Accompanying the increasingly higher levels of integration of semiconductor devices in the semiconductor industry in recent years, there is a growing need for fine patterns that exceed the transfer limitations of conventional photolithography methods using ultraviolet light. Extreme ultraviolet (EUV) lithography is considered to be promising as an exposure technology that uses EUV light to enable the formation of such fine patterns. Here, EUV light refers to light in the soft X-ray region or vacuum ultraviolet region, and more specifically, light having a wavelength of about 0.2 nm to 100 nm. Reflective masks have been proposed as transfer masks for use in this EUV lithography. Such reflective masks have a multilayer reflective film that reflects exposure light formed on a substrate, and an absorber film that absorbs exposure light is formed in a pattern shape on the multilayer reflective film.

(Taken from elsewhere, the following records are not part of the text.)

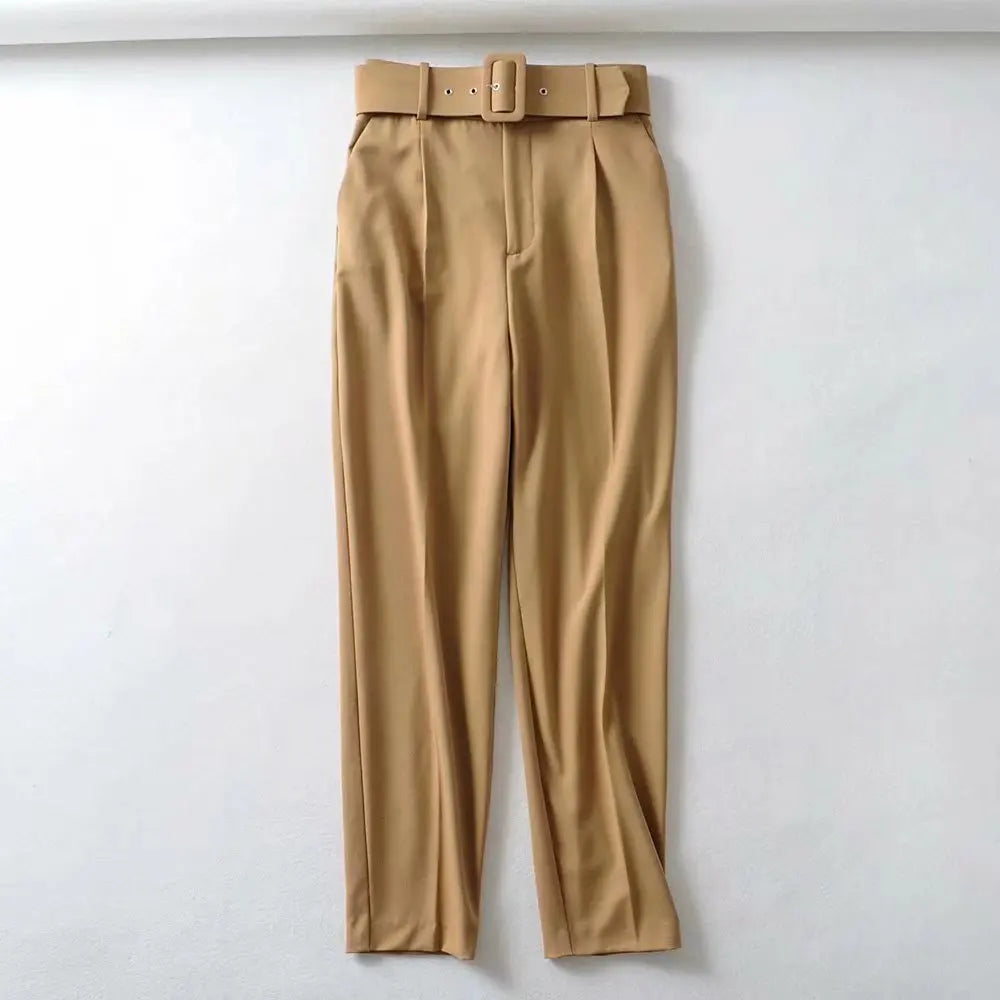 Ulvly Belted Ankle Trousers
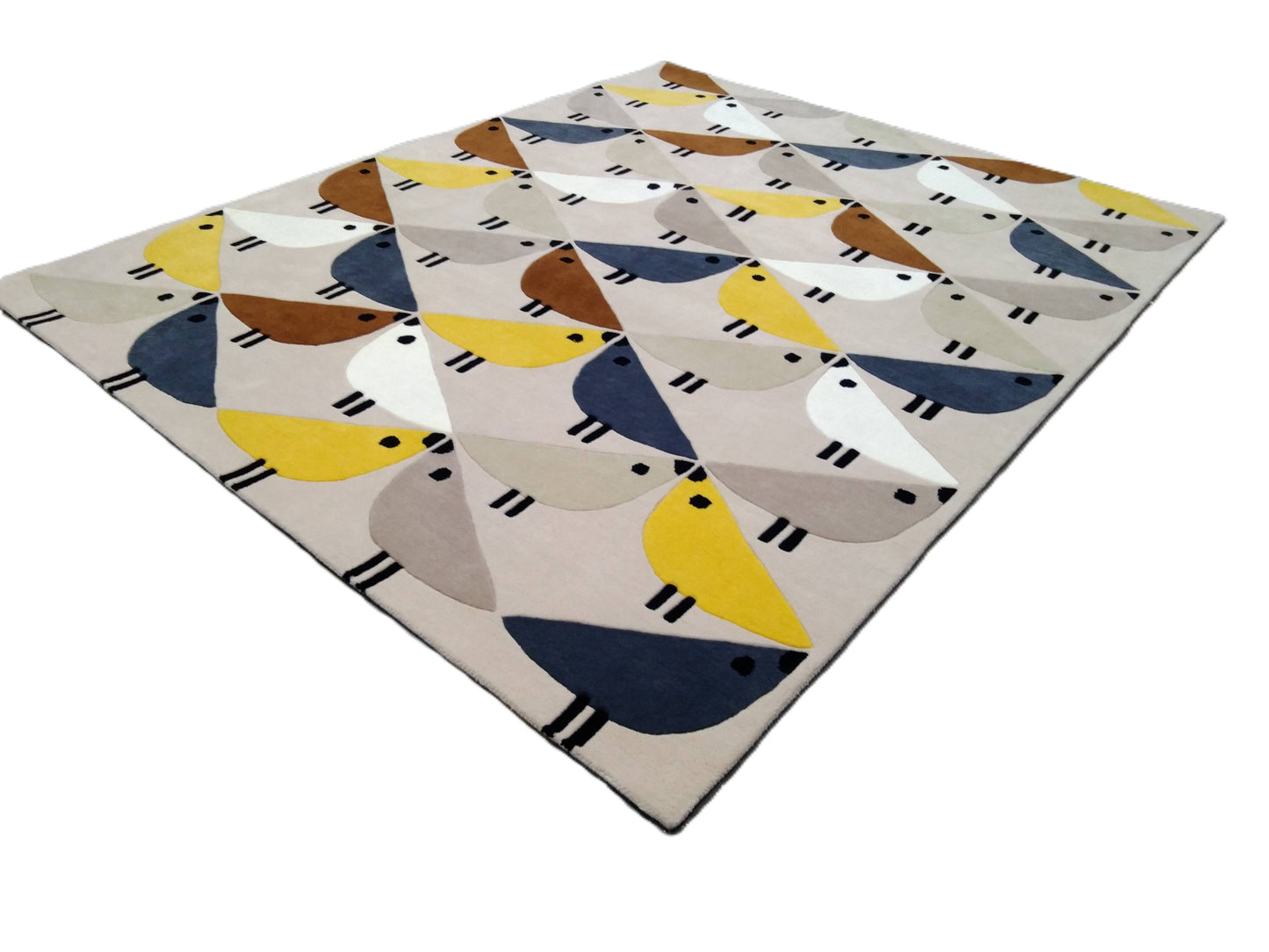 Multi Color Bird Hand Tufted Rug, Cut Pile Rug, Area Rug, Handmade Rugs, Kids Rug, Customize Rug, Soft Rugs.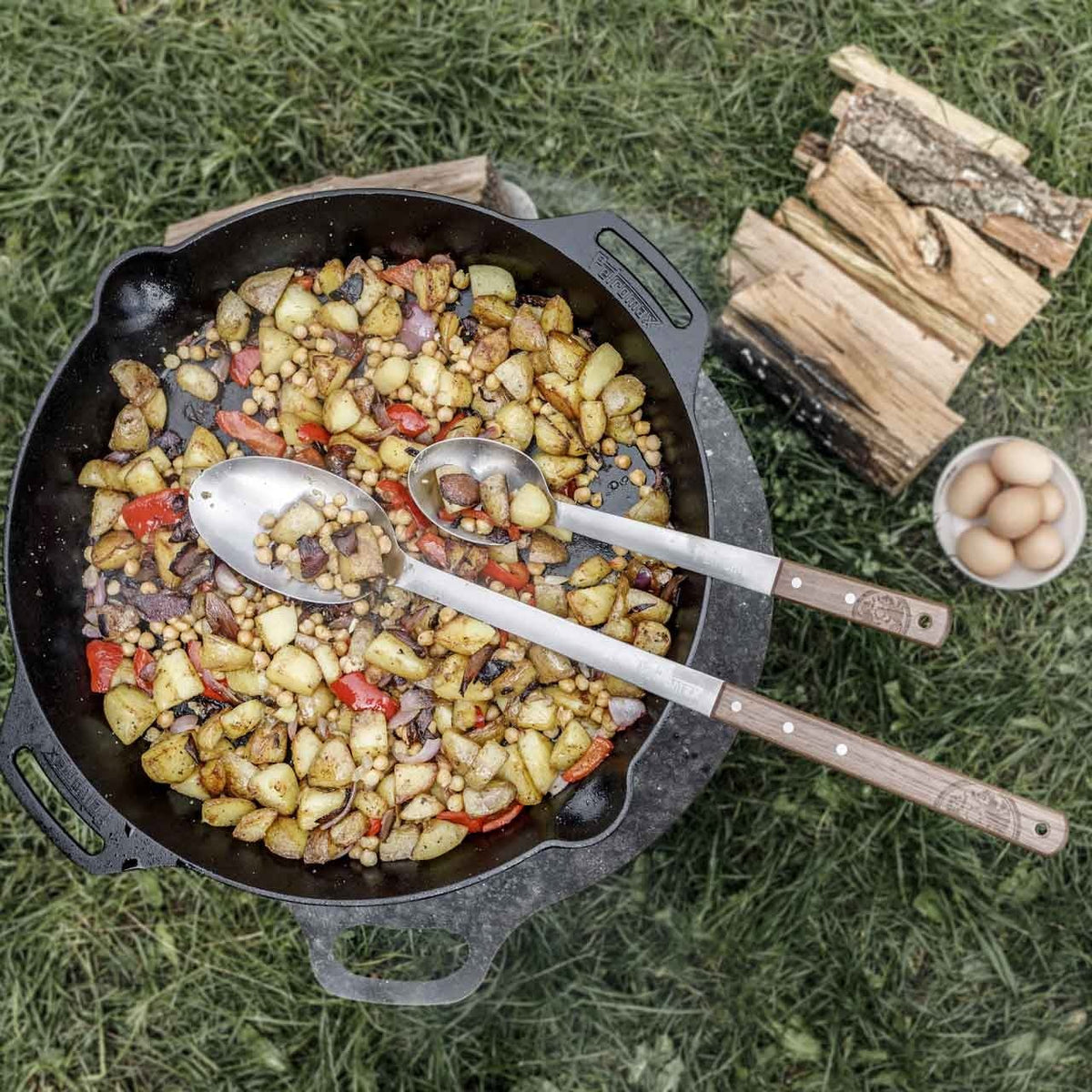 Petromax Servierlöffel, 30 cm, Grillzubehör, Detailansicht 2
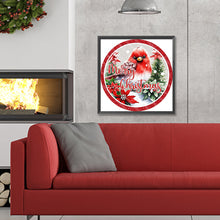Load image into Gallery viewer, Diamond Painting - Full Round - Merry Christmas cardinal (30*30CM)

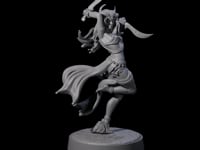 Graceful Tiefling Dancer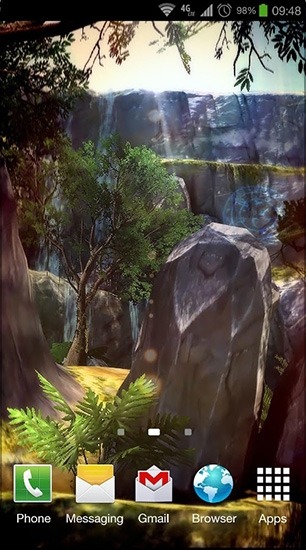 3D Waterfall Android Wallpaper Image 1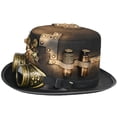 thumbnail image 3 of Sombrero Steampunk, sombrero de copa para cosplay, dibujos animados, anime, cosplay, fieltro, 3 of 4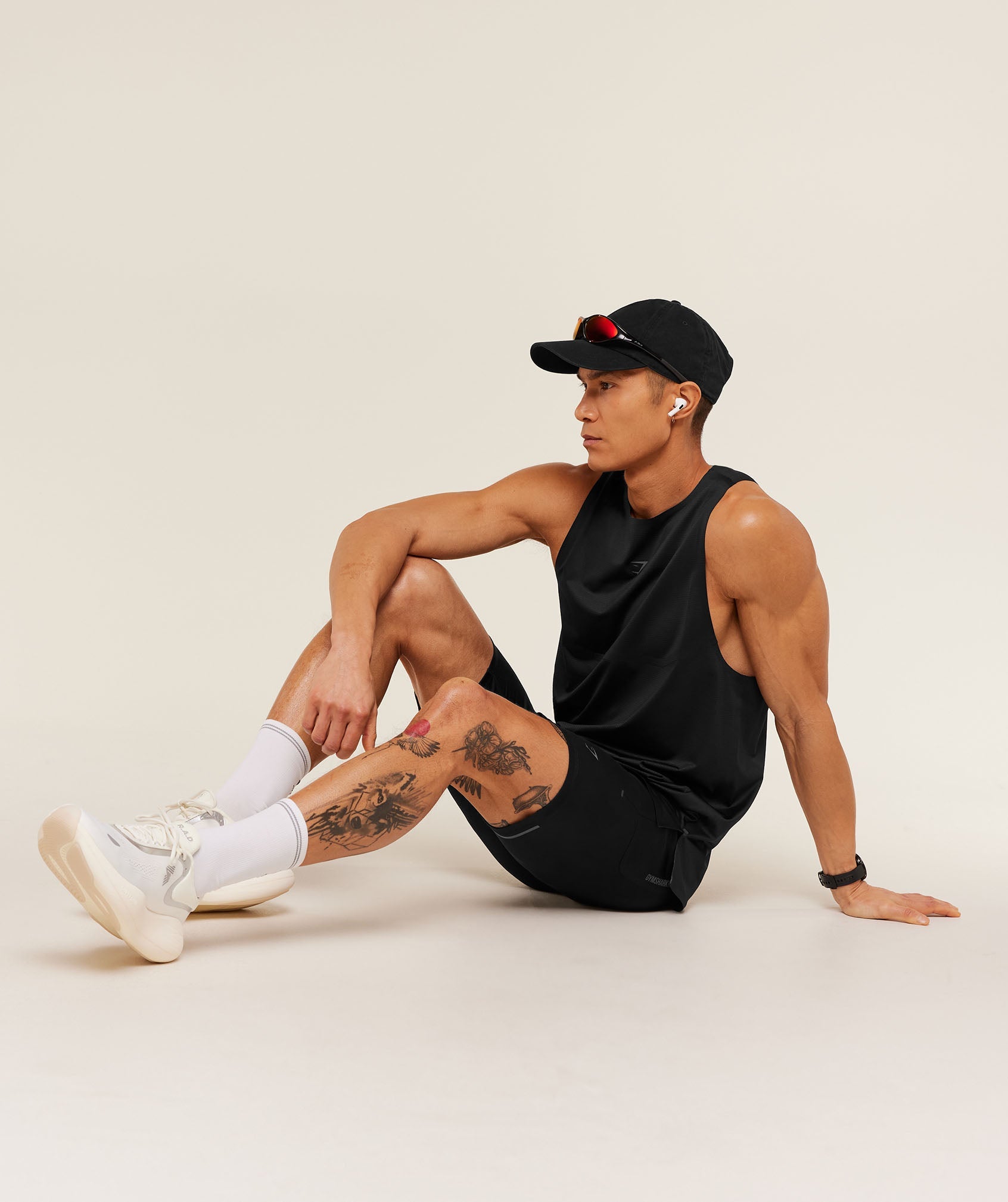 Gymshark Running Elite Tank Black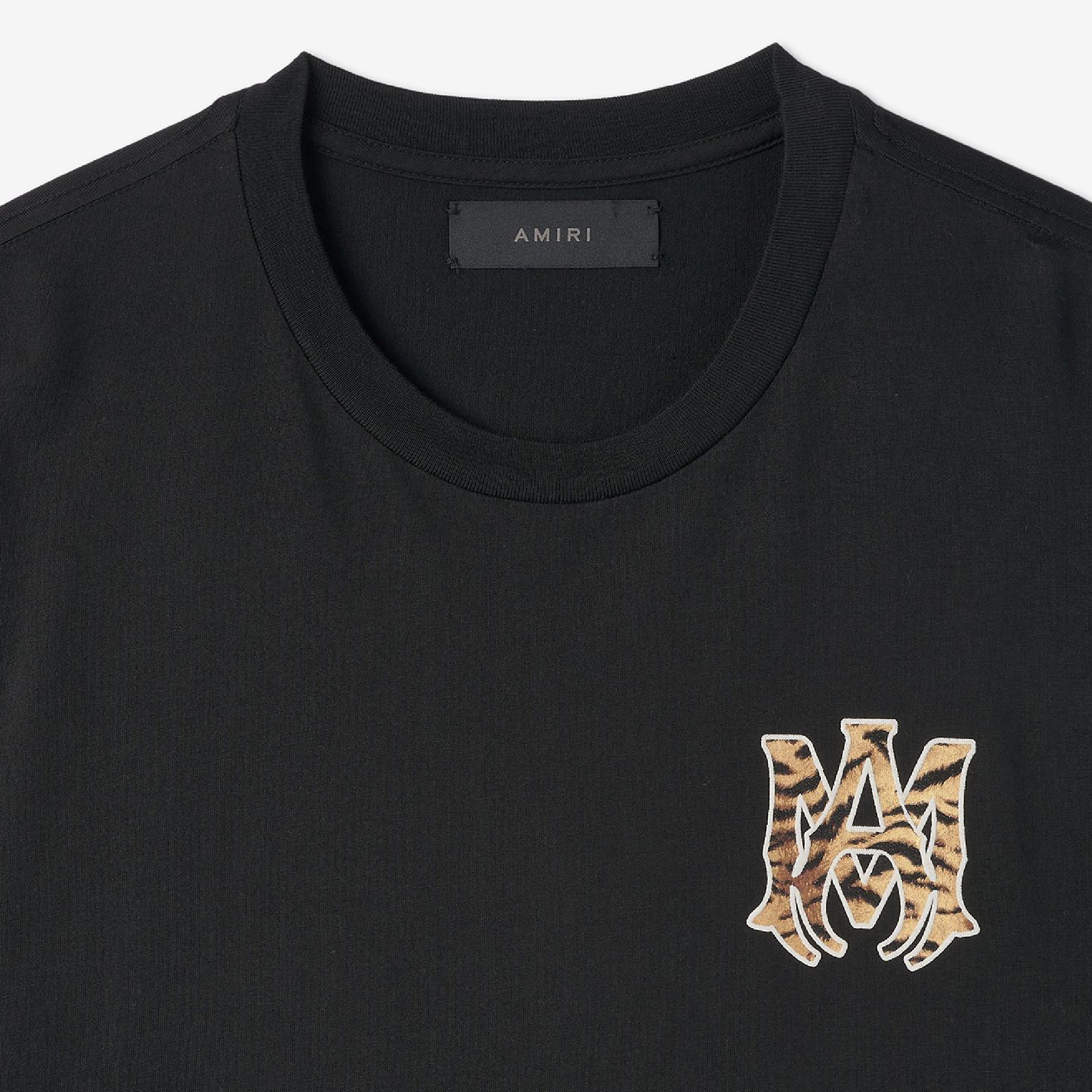 AMIRI Tiger Logo Print Short Sleeve T-Shirt-04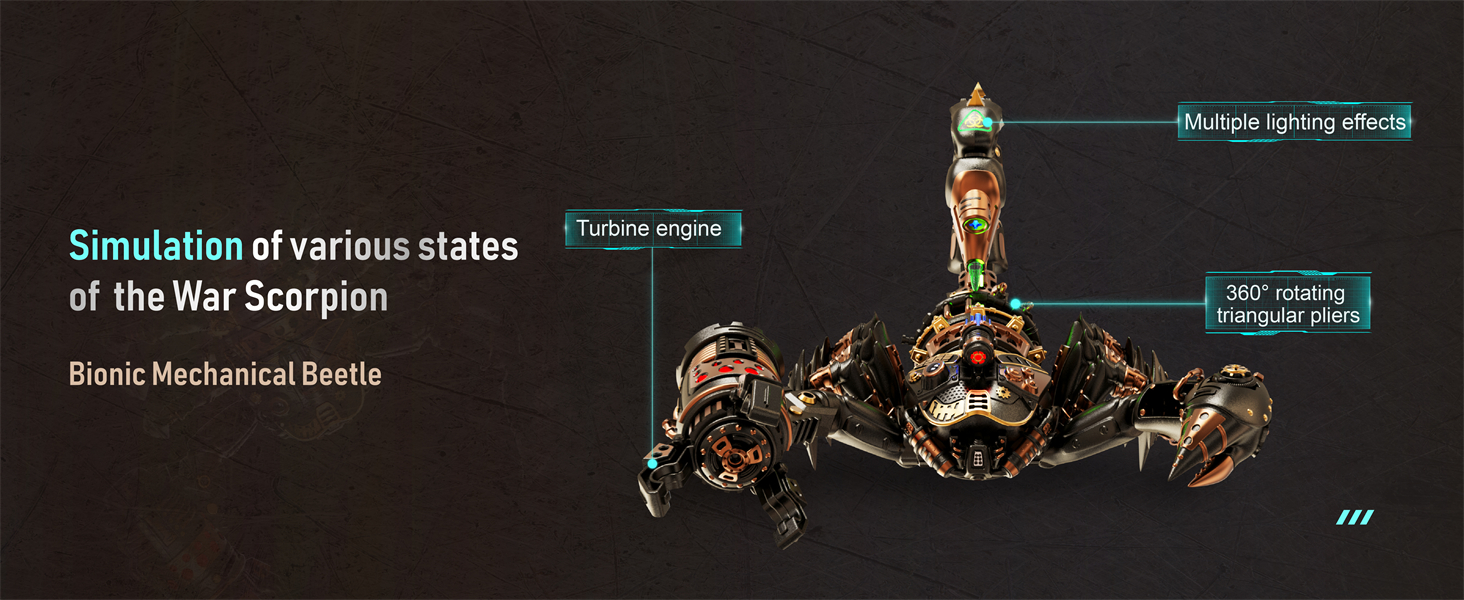 ROKR 3D Metal Model Puzzles Electric Design Plastic Craft Hobby for Men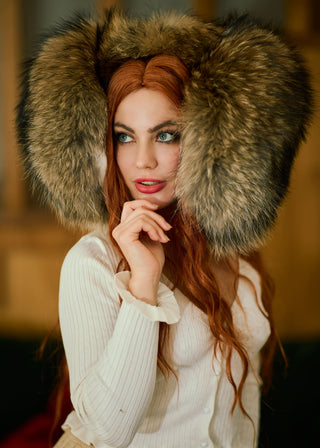 Extra Large Finn Racoon Earmuffs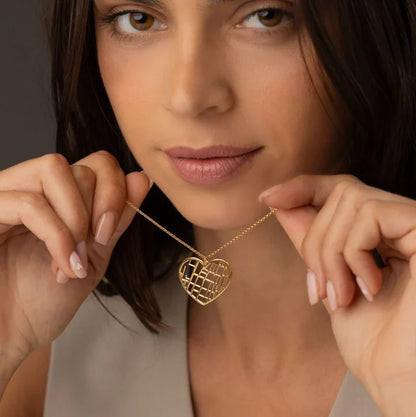 Spersonalizowany naszyjnik z mapą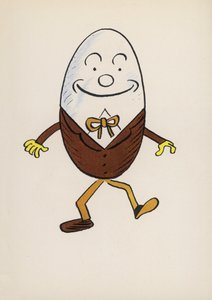 Figuren uit kinderboeken: Humpty Dumpty door Walter Trier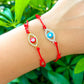 Evil-Eye-Bracelet.Shop at Magic Crystals for Protection. The Red String Bracelet has been worn throughout history in many cultures as a symbol of protection, faith, and good luck and acts as a shield from negativity and actually has many positive effects. In quite a few cultures a red string bracelet is believed to have magical powers.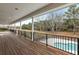 Spacious deck with pool and nature views at 4712 Westervelt Rd, Meggett, SC 29449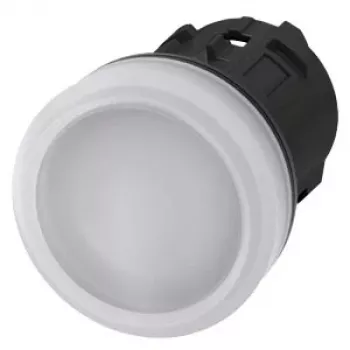 Siemens SIRIUS ACT 3SU1001-6AA60-0AA0 Signalleuchte, weiße Linse, 24V LED, 22mm rund, Schraubanschluss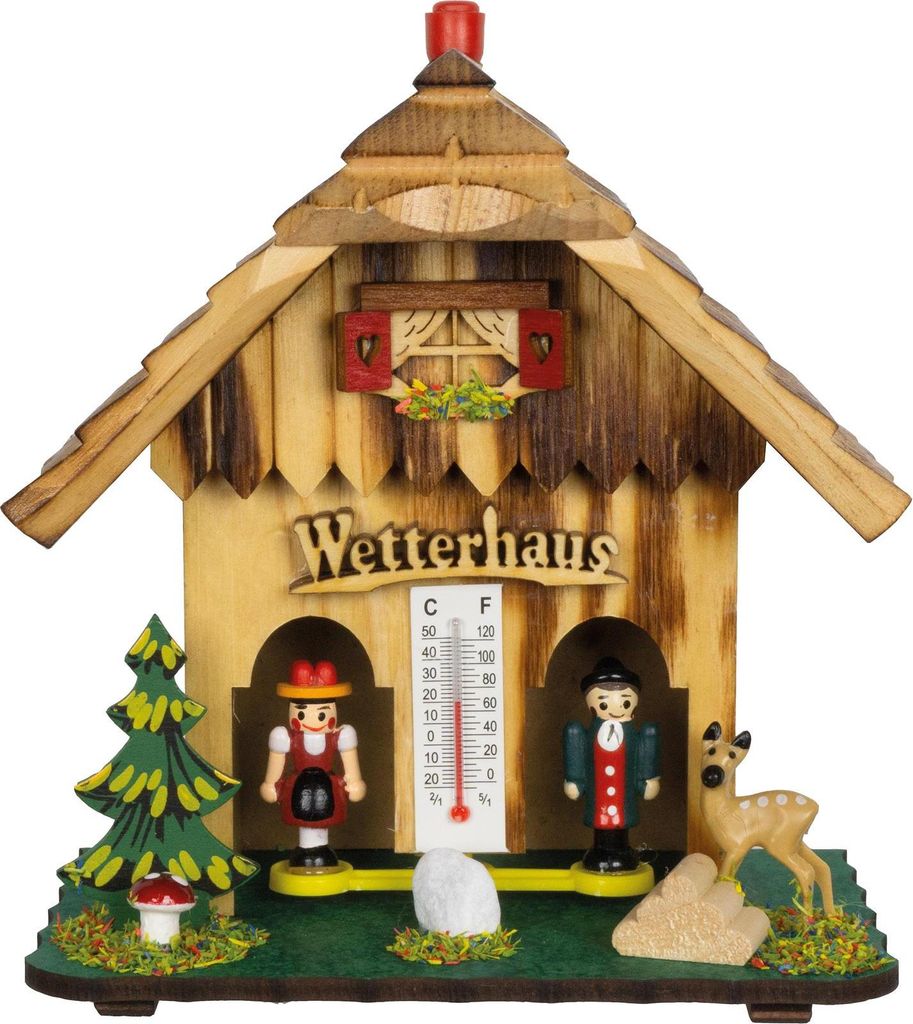 Trenkle Wetterhäuschen 73 hell aus dem Schwarzwald Produktbild 
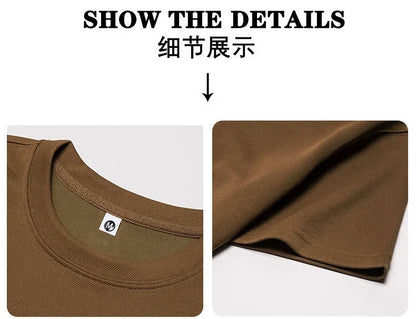 Men's new summer fashion sports suit casual fashion fitness jogging wear round neck T-shirt + breathable disconnect 2-piece set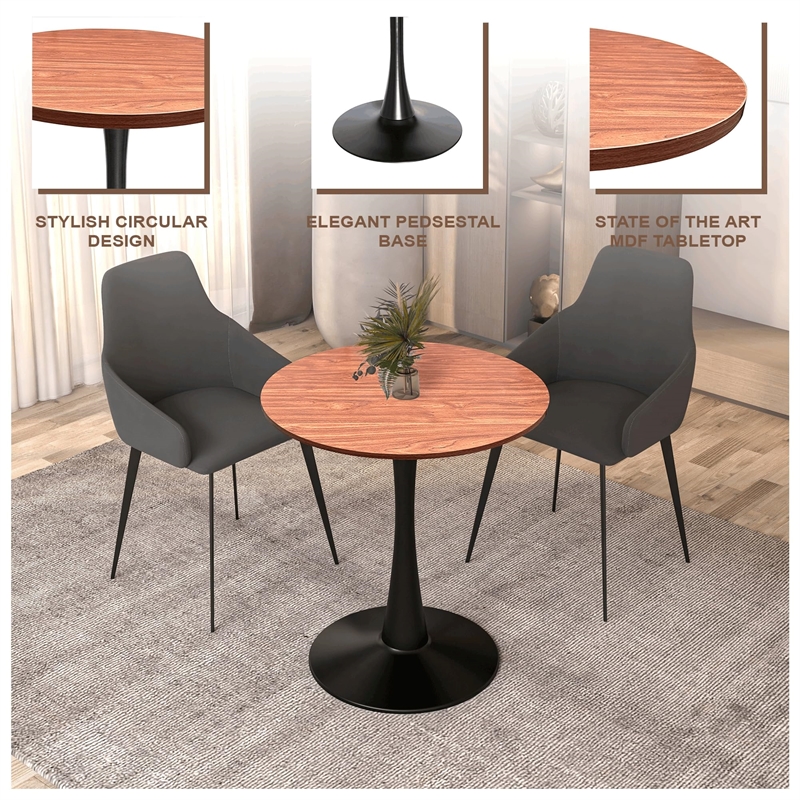 LeisureMod Bristol Dining Table with a 27 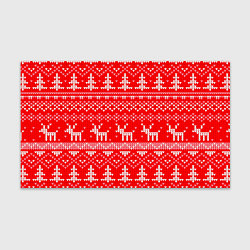 Бумага для упаковки Рождественский красный свитер с оленями, цвет: 3D-принт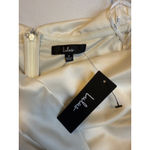 Lulus Always Celebrating Off Shoulder Satin Midi Dress Cocktail Evening NWT Med White Photo 12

The reflective mask is manufactured from a reflective mask blank having a substrate, a multilayer reflective film formed on the substrate, and an absorber film formed on the multilayer reflective film, by forming an absorber film pattern by photolithography and the like.
As has been described above, due to the growing demand for miniaturization in the lithography process, significant problems are being encountered in the lithography process. One of these is the problem relating to defect information of substrates with a multilayer reflective film used in the lithography process.
Substrates with a multilayer reflective film are being required to have even higher smoothness from the viewpoints of improving defect quality accompanying the miniaturization of patterns in recent years and the optical properties required of transfer masks. The multilayer reflective film is formed by alternately laminating a high refractive index layer and a low refractive index layer on the surface of a mask blank substrate. Each of these layers is typically formed by sputtering using sputtering targets composed of the materials that form these layers.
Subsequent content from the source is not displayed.